---------- Provided data
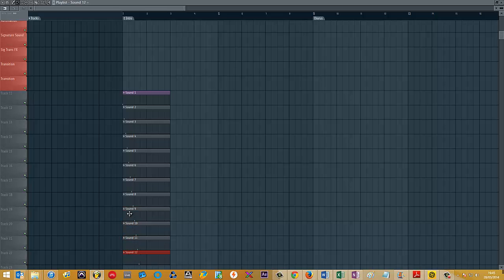As you can see, it's a much, much faster way to get all of your patterns onto the playlist. Here we go. All right, we'll see you guys next time. Bye.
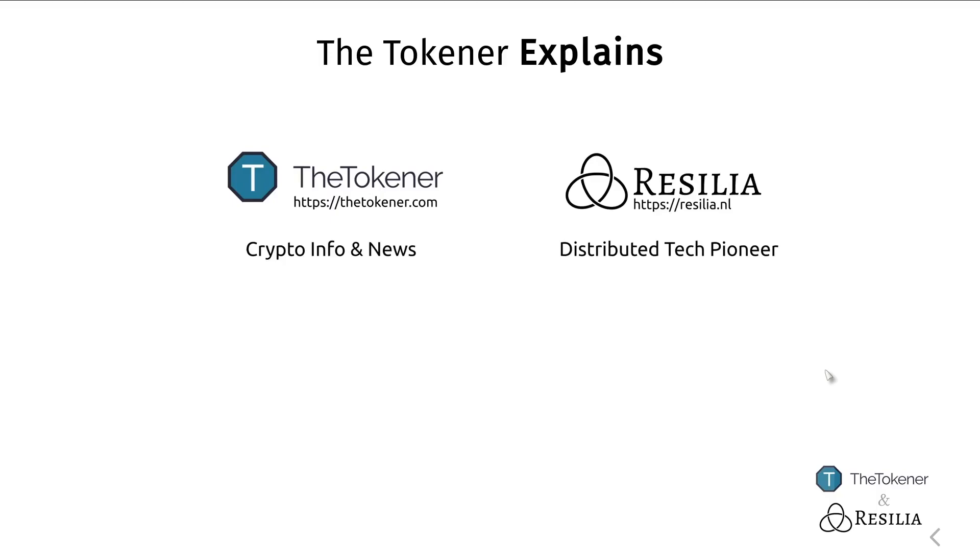That was it for this episode. Leave us a comment, like, subscribe, and ring the notification bell to know whenever new episodes appear. The Tokener Explains is a collaboration between The Tokener and Resilia. If you're interested in the latest cryptocurrency-related information and news, go to thetokener.com. And if you're building your own blockchain-related product and have some questions or would like some help, reach out to us at resilia.nl.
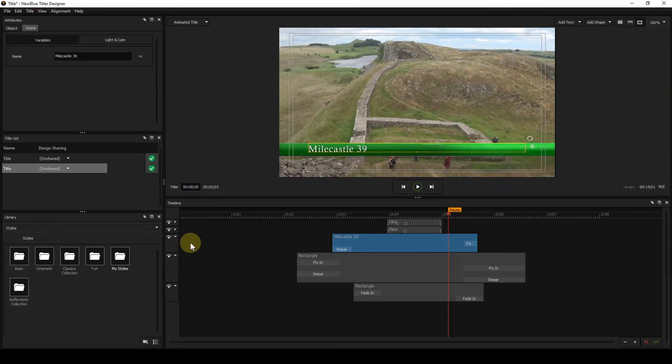Whether this advantage is worth the amount of persuasion you have to apply to Title Pro 7 in order to get it to work, I'll leave that up to you. Until the next time, bye for now.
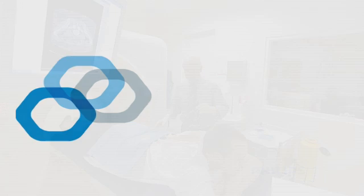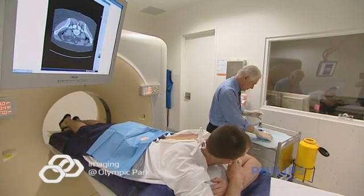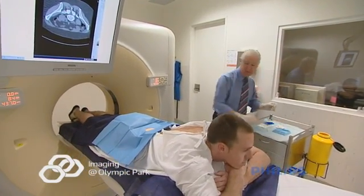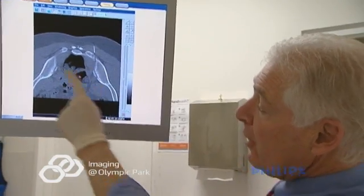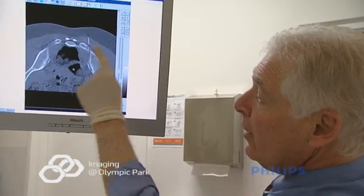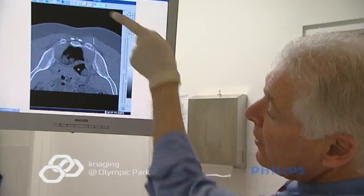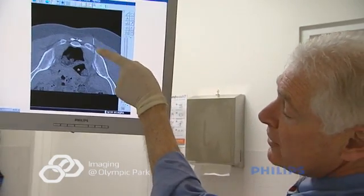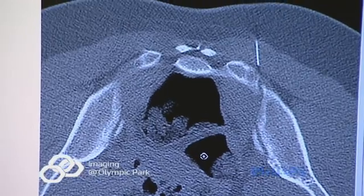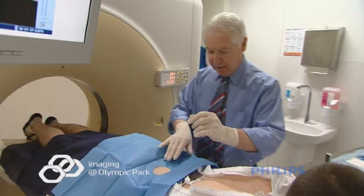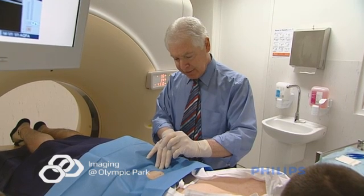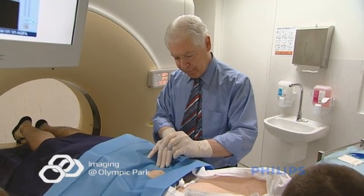Facet joint injections are performed to relieve back pain and muscle spasm. The procedure will take approximately 10 to 15 minutes. We use CT scanning to accurately assess the state of the facet joints and to accurately deliver the injection. Our CT scanner has 64 slices to optimize the anatomy. Precise delivery of cortisone will maximize its effect and avoid any potential complications.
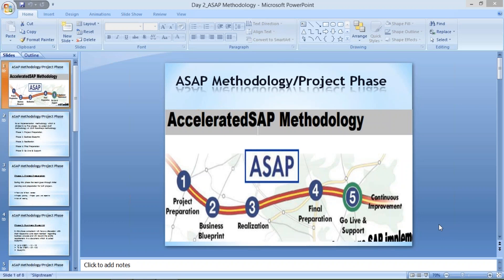Implementation project means A to Z topics are going to be covered, so everybody covers implementation itself where all configuration steps and related things are taught. If somebody has knowledge of implementation project, they can work for rollout, support, and upgrade also — because if you know A to Z, you've covered each and everything.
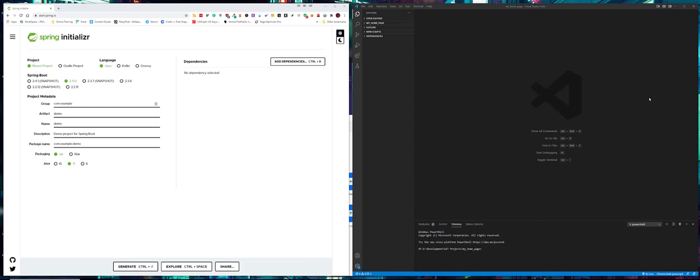We're going to start by creating the project using the Spring Initializer, which is at start.spring.io. This will create a skeleton Spring Boot project, which is where we're going to start.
--------------------
*Try it*. Your answer must be every record above, word for word, with no pictures.

*Solution*.
As you can see, it's a much, much faster way to get all of your patterns onto the playlist. Here we go. All right, we'll see you guys next time. Bye.
That was it for this episode. Leave us a comment, like, subscribe, and ring the notification bell to know whenever new episodes appear. The Tokener Explains is a collaboration between The Tokener and Resilia. If you're interested in the latest cryptocurrency-related information and news, go to thetokener.com. And if you're building your own blockchain-related product and have some questions or would like some help, reach out to us at resilia.nl.
Whether this advantage is worth the amount of persuasion you have to apply to Title Pro 7 in order to get it to work, I'll leave that up to you. Until the next time, bye for now.
Facet joint injections are performed to relieve back pain and muscle spasm. The procedure will take approximately 10 to 15 minutes. We use CT scanning to accurately assess the state of the facet joints and to accurately deliver the injection. Our CT scanner has 64 slices to optimize the anatomy. Precise delivery of cortisone will maximize its effect and avoid any potential complications.
Implementation project means A to Z topics are going to be covered, so everybody covers implementation itself where all configuration steps and related things are taught. If somebody has knowledge of implementation project, they can work for rollout, support, and upgrade also — because if you know A to Z, you've covered each and everything.
We're going to start by creating the project using the Spring Initializer, which is at start.spring.io. This will create a skeleton Spring Boot project, which is where we're going to start.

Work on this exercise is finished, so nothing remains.